Plane crashes and security breaches

admin
March 11th, 2010

by Christian Moldes

In Outliers, Malcom Gladwell analyses how plane crashes are the result of a combination of errors. I found this analysis very interesting because of the similarity with most security breaches. A brief excerpt of his book:

“Plane crashes rarely happen in real life the same way they happen in the movies. Some engine part does not explode in a fiery bang. The rudder doesn’t suddenly snap under the force of takeoff. The captain doesn’t gasp, “Dear God,” as he’s thrown back against his seat. The typical commercial jetliner – at this point in its stage of development – is about as dependable as a toaster. Plane crashes are much more likely to be the result of an accumulation of minor difficulties and seemingly trivial malfunctions.

The typical accident involves seven consecutive human errors. One of the pilots does something wrong that by itself is not a problem. Then one of them makes another error on top of that, which combined with the first error still does not amount to catastrophe. But then they make a third error on top of that, and then another and another and another and another, and it is the combination of all those errors that leads to disaster.”

Security breaches happen exactly like that. They are the result of a combination of minor or seemingly insignificant errors. Let me illustrate this. A few years ago, a merchant suffered a breach, and its case is one of the best examples for this topic. Their e-commerce website was developed in-house but some of the components had been developed by a third party. The application had been thoroughly reviewed for security vulnerabilities and none had been identified as risky. However, one of the components was not reviewed, it was added a few days after the application review had been completed, and since it was not related in any way with payment transactions, it was deemed as non-critical.

The merchant had a network IDS which was maintained and monitored by a MSS (managed security services) vendor. The device had signatures that were able to recognize SQL injection attempts and they were supposedly enabled. One of the vendor’s security analysts disabled rules monitoring attacks on port 80 and 443 for the e-commerce servers. This was probably because they generated many false-positive alerts, and was most likely intended as a temporary action. As a result, none of the attacks and unusual traffic on those ports was detected by the IDS.

The e-commerce site was using a trusted relationship to connect to the database.
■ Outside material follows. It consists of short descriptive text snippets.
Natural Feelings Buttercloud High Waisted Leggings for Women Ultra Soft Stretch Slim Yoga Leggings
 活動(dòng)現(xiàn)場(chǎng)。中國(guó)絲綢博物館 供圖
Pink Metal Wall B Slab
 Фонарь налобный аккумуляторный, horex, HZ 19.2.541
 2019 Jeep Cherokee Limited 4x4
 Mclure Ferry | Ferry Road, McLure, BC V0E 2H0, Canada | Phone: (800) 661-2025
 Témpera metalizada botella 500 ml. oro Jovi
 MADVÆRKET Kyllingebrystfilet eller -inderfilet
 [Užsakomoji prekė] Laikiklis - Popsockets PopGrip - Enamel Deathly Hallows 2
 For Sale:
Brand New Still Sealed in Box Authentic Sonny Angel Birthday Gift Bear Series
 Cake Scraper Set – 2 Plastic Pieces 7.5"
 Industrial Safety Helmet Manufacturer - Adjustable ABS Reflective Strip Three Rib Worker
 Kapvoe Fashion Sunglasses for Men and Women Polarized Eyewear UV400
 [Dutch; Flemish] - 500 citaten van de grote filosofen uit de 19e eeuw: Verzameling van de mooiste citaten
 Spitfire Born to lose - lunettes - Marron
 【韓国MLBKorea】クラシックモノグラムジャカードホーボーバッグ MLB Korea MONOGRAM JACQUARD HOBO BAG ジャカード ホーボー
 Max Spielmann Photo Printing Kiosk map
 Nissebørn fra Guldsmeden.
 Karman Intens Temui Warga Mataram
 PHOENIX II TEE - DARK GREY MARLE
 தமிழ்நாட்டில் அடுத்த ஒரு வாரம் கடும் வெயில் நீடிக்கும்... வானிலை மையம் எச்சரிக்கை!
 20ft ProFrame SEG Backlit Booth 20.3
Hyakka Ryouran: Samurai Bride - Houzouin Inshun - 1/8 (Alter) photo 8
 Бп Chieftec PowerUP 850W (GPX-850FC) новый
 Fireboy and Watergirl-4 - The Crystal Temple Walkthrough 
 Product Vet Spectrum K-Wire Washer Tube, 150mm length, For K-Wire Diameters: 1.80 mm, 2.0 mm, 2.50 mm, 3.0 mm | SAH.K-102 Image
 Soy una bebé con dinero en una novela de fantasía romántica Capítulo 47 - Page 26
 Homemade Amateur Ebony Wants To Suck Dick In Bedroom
Credit card numbers had been encrypted in the database a few months ago. During the process as a contingency plan, the DBA exported the tables containing sensitive data before encrypting some of the columns. The backup files had been left on the database server since then.

Hackers found the security vulnerability in the e-commerce website; the third-party component was vulnerable to SQL injection. By exploiting the vulnerability, they were able to create local administrator accounts on the database server and run OS commands with local administrator privileges. Unfortunately, since the IDS was not monitoring traffic on ports 90 and 443, none of the SQL probes was detected by the IDS, nor was any other unusual traffic on those ports. Remote management tools were installed and password hashes were cracked off-line. The hackers reviewed every folder on the web server looking for scripts, source code, and data files. They found the backup files left behind by the DBA.

The merchant was only aware of the intrusion several months after the fact, when they were notified by law enforcement agents that their data was on sale on one of the carders websites.

This case clearly illustrates that even when proper security controls are in place, a breach could happen at any moment. Relying on single controls or single layers of security is never sufficient.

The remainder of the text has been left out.